- O presidente da Comissão de Constituição e Justiça do Senado, Otto Alencar, marcó para quarta-feira a votação do projeto que redefine as regras do impeachment de ministros do STF e de outras autoridades.
- O texto restringe quem pode apresentar pedidos: passam a ser permitidos apenas pela Ordem dos Advogados do Brasil, pela Procuradoria-Geral da República e por partidos com representação no Congresso; cidadãos podem pedir apenas via abaixo-assinado com apoio de um por cento do eleitorado.
- O relator Weverton Rocha afirma que as mudanças valem para autoridades de todos os poderes, e que o objetivo é fortalecer a formalidade do processo contra abusos.
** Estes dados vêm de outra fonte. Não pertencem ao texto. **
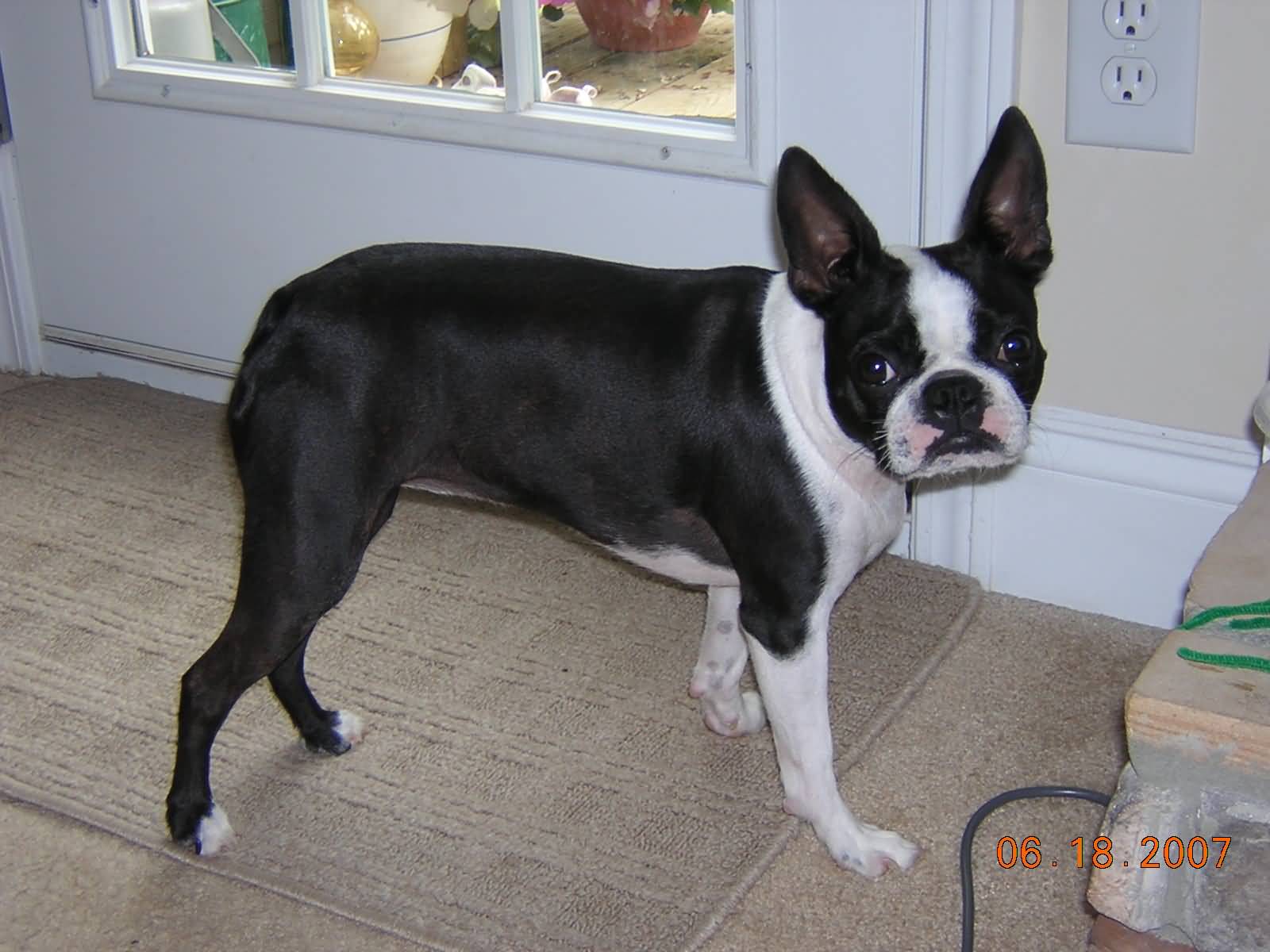 Boston Terrier Dog Picture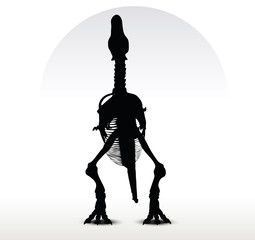 dinosaurs trex skeleton
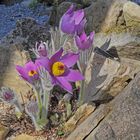 Pulsatilla halleri ssp. styriaca blüht mit Verspätung zu 2015 nun auch...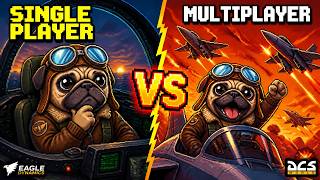 DCS Single or Multiplayer: Which one is for you?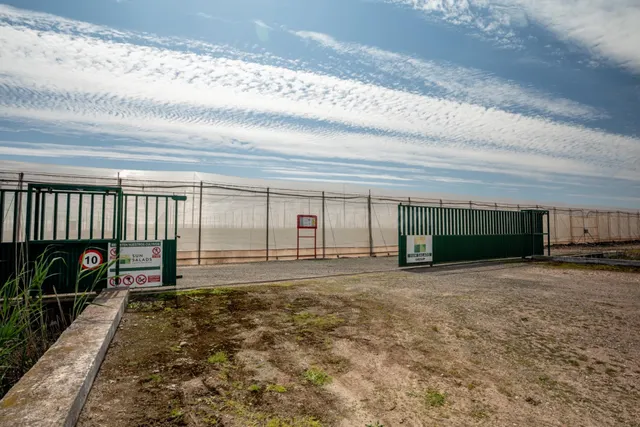 Explotación agrícola de regadío de 11ha en pleno rendimento: - foto 2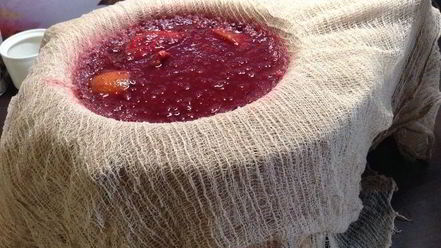 Рецепт настойки несмеяновка женская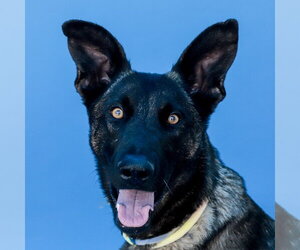 Mutt Dogs for adoption in Pasadena, CA, USA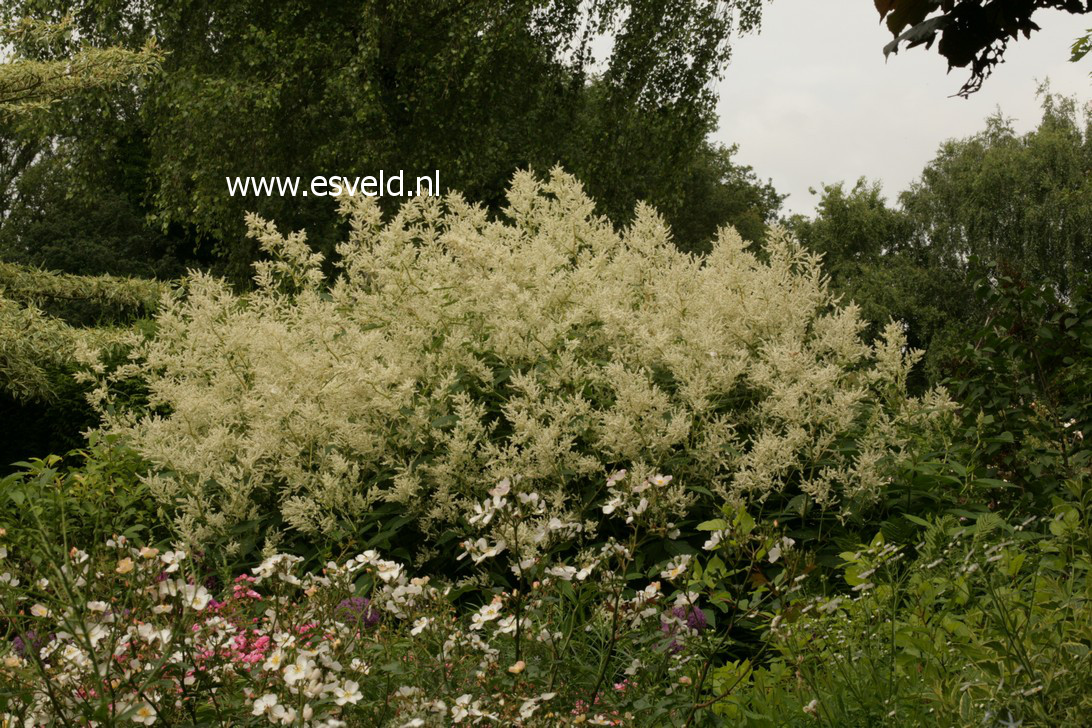 Persicaria polymorpha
- Se houver arquivamento do pedido, o plenário poderá desarquivar em quinze dias com apoio de dois terços dos senadores; a votação final para impedir um ministro exigirá dois terços dos oitenta e um senadores.
- A proposta surge em meio à decisão do ministro Gilmar Mendes, que ampliou garantias para magistrados ao reinterpretar dispositivos da lei e sugeriu que o Senado tenha maior quórum para evitar instrumentalização política.
O Senado pode adotar mudanças na lei do impeachment, com o objetivo de restringir quem pode apresentar pedidos e como o processo é conduzido. A ideia ganhou impulso após críticas à atuação de autoridades com relação a uma liminar recente.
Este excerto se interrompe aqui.